Follow these steps to clone the repository, set up your virtual environment, install dependencies, and run the project locally.

1. Clone the Repository

Open your terminal and run:

git clone https://github.com/mdazlaanzubair/deep-seeking-test-cases.git
cd deep-seeking-test-cases

2. Create a Virtual Environment

It is recommended to use a virtual environment to manage dependencies.

  • On Windows:
python -m venv env
  • Activate the virtual environment:
.\env\Scripts\activate
  • On macOS/Linux:
python3 -m venv env
  • Activate the virtual environment:
source env/bin/activate 

3. Install Dependencies

If a requirements.txt file is available, install the dependencies by running:

  • On Windows:
pip install -r requirements.txt
  • On macOS/Linux:
pip3 install -r requirements.txt

Alternatively, you can install the necessary packages manually:

  • On Windows:
pip install langchain langchain-ollama langchain-groq tqdm pandas numpy matplotlib seaborn scipy
  • On macOS/Linux:
pip3 install langchain langchain-ollama langchain-groq tqdm pandas numpy matplotlib seaborn scipy

4. Run the Project

  1. Prepare Test Case Data: Ensure your test case data is in the data/cleaned_data.json file and conforms to the expected structure (as implied by the script's input variables).

  2. Run the main script with:

    • On Windows:
    python main.py
    • On macOS/Linux:
    python3 main.py
  3. Monitor Progress: The script uses tqdm to display progress bars for chunk and test case processing in the console.

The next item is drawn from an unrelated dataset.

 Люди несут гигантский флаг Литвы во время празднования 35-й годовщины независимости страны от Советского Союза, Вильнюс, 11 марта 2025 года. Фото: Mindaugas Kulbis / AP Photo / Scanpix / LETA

  4. View Results: After execution, the evaluation results will be saved in the data/evaluations/ directory:

    • success.json: Contains detailed JSON outputs for each successfully evaluated test case, including scores for coverage, clarity, edge cases, non-functional coverage, and justifications.

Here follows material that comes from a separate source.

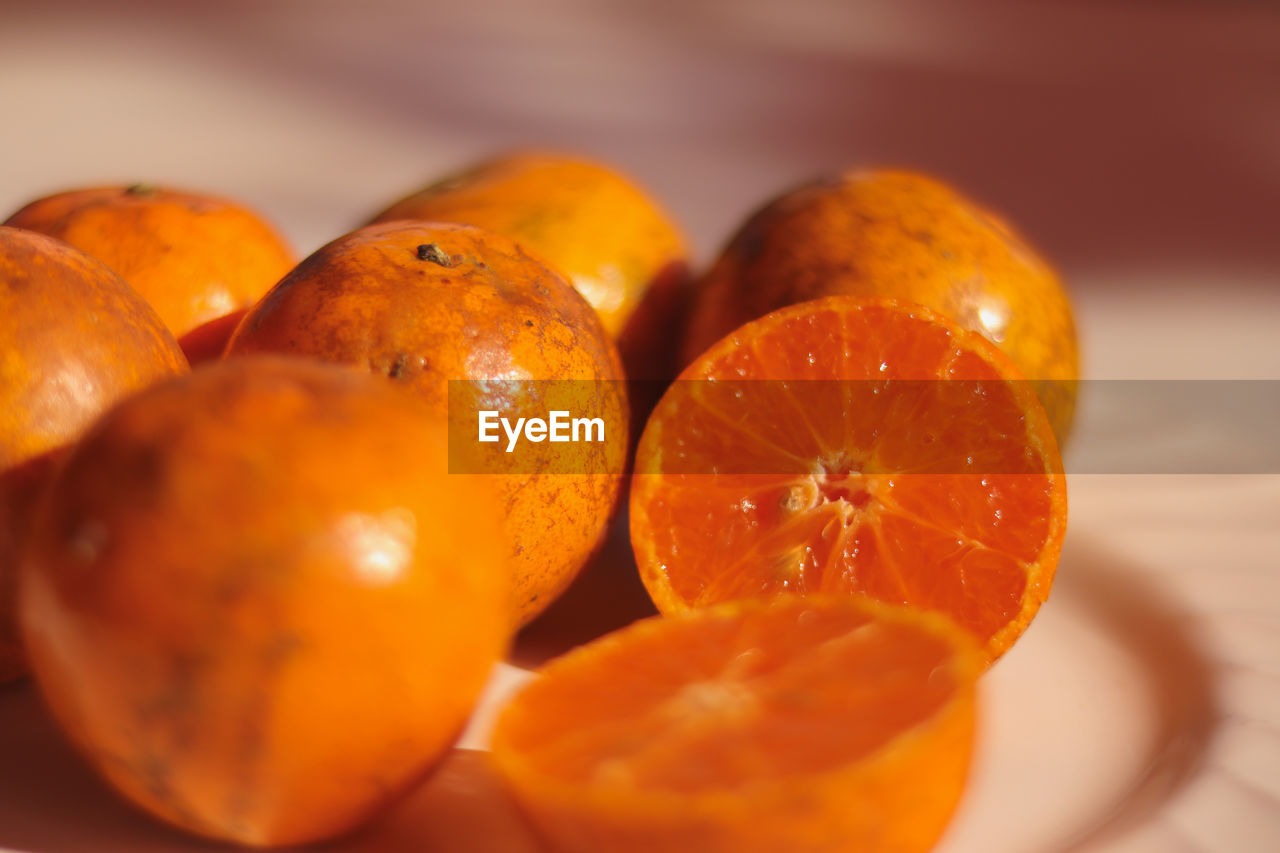 Close-up of orange fruits on table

    • failed.json: Contains details of any test cases that failed during evaluation, including error messages and raw LLM output (if available).

Configuration

  • Model Selection: The main.py script uses mistral:7b as the active model by default (active_model = models_list[2]). To change the model, modify the models_list and the index for active_model in the main.py script. Ensure the model you select is pulled via Ollama.

  • Chunk Size: The chunk_data function in modules/helper.py is set to chunk test cases into groups of 3 (chunk_data(test_cases, 3)). Adjust the chunk size as needed for performance or batch processing preferences.

  • Prompt Template: The prompt template used for evaluation is defined in modules/langchain.py within the get_prompt() function. You can customize this prompt to adjust the evaluation criteria, instructions, or scoring scale.

Data Format

The script expects the input data in data/cleaned_data.json to be a list of dictionaries, where each dictionary represents a test case and includes the following keys (input variables for the prompt):

  • software_name
  • software_desc
  • test_case_id
  • test_module
  • test_feature
  • test_case_title
  • test_case_description
  • pre_conditions
  • test_steps
  • test_data
  • expected_outcome
  • severity_status
  • group (This field is used for grouping and is removed before passing to the LLM in order to remove biasness)

The output is structured in JSON format as defined by the Pydantic models in modules/langchain.py, providing scores and reasons for each evaluation criterion.

Troubleshooting

  • Virtual Environment: Ensure that your virtual environment is activated. You should see (venv) in your terminal prompt.

  • Dependency Installation: Verify that you have a stable internet connection and the necessary permissions to install packages.

  • LangChain / Ollama Setup: Make sure that your Ollama service or local model is correctly configured and running. Refer to the langchain-ollama documentation for additional guidance.

License

This project is licensed under the MIT License - see the LICENSE file for details.